Have you heard the one about Daylight Saving Time (DST) and farmers? As the story goes, farmers and agriculture groups lobbied for DST in order to have more light at the end of their day to complete their work. One Texas state rep even credited farmers with introducing DST, when he promoted a bill that would abolish the practice a few years ago.
In reality, that couldn’t be further from the truth.
Daylight Saving Time was first introduced in America in 1918 as a way to conserve electricity during the First World War. At the time, farmers lobbied hard against the practice, as their day is dictated by the sun, rather than the clock. Agricultural groups led a 1919 fight to repeal DST, but they were overruled by Congress.
Now, a century later, the time-shift still takes place across most of the US, with the exception of Hawaii and most of Arizona. In recent years, a dozen states have introduced legislation to get rid of DST, including Ohio, Utah, Washington, Florida and South Carolina.
Public perception of Daylight Saving Time has continued to wane over the years, with more people pushing to get rid of the disruptive time change ritual. Yet, through all of this, the myth of farmers being intrinsically linked to DST persists. So we asked you, real farmers, how you felt about Daylight Saving Time. Is it helpful? Is it disruptive? You answered our call, and the results are in: DST is “a pain in the loin chop,” to quote just one of the many emails we received. Here are the top three reasons DST hurts agricultural work, according to real farmers.
It Confuses the Animals
Humans might have alarm clocks to adjust, but animals don’t. There’s anecdotal evidence that the shift is disruptive to animals such as dairy cows, who don’t tolerate changes to their schedules. One livestock farmer in Utah wrote to tell us that DST is “nothing but a royal pain. My chickens and cows only know when the sun comes up and goes down. Having to adjust our work schedules twice yearly does nothing for us.”
One goat farmer in North Carolina told us that his goats are upset over the time change. “I milk in the morning, in the dark, in the spring and fall in order to have time to do all the other things I have to do during daylight hours.” In order to help his herd deal with the time shift, he moves their feeding and milking schedule incrementally. A change of a few minutes per day over the course of a week is a lot less noticeable than a full hour jump all at once.
We Actually Need More Light in the Morning
With the shift forward in the spring, we get more light later in the day, but many of our readers say they’d prefer that light earlier in the morning. For people in warmer climates, having more light earlier in the day could help to get through the chores before the temperature rises too much. One farmer in Florida commented that it’s “wiser to do work in the morning than it is late in the afternoon.”
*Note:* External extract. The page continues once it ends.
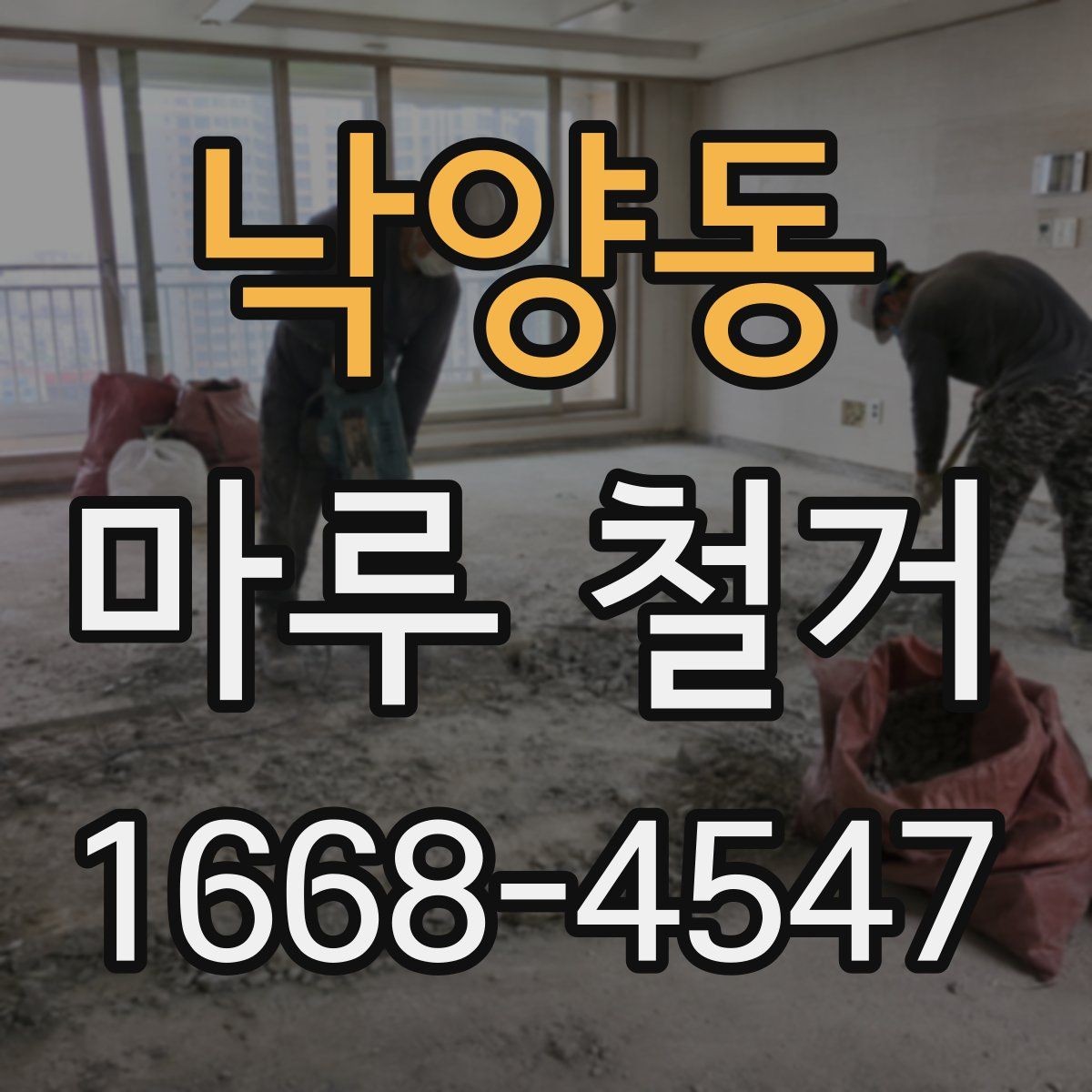 낙양동 마루 철거 시 철거 범위 정하는 기준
For one reader, extra light in the morning would have made a big difference. For many years, he ran a vineyard on top of holding down a 9-to-5 day job. That meant farm chores had to be done before and after work, including a full spray of the vineyard every two weeks. It took hours to apply the spray and the temperature conditions had to be perfect—no wind or rain. The only good time to spray was early in the morning. “Even with protective gear, I needed to shower after spraying. So I needed to be off the tractor no later than 7 am to get to work on time.” Some extra light would have been a big help.
It’s Just Plain Disruptive
So many of our readers echoed this sentiment: Just pick a time and stick with it already! Responses covered the chaos of changes to schedules, losing sleep and difficulty with getting children to go to sleep when it’s still light outside.
One rancher in California put it like this: “The cost of changing twice a year, in terms of resetting every appliance, car and communication system you own, and all the people that will show up early or late for work, appointments and meetings…it’s enormous.” His solution? The ranch he runs is off-grid, so he works by the sun. Clocks be damned.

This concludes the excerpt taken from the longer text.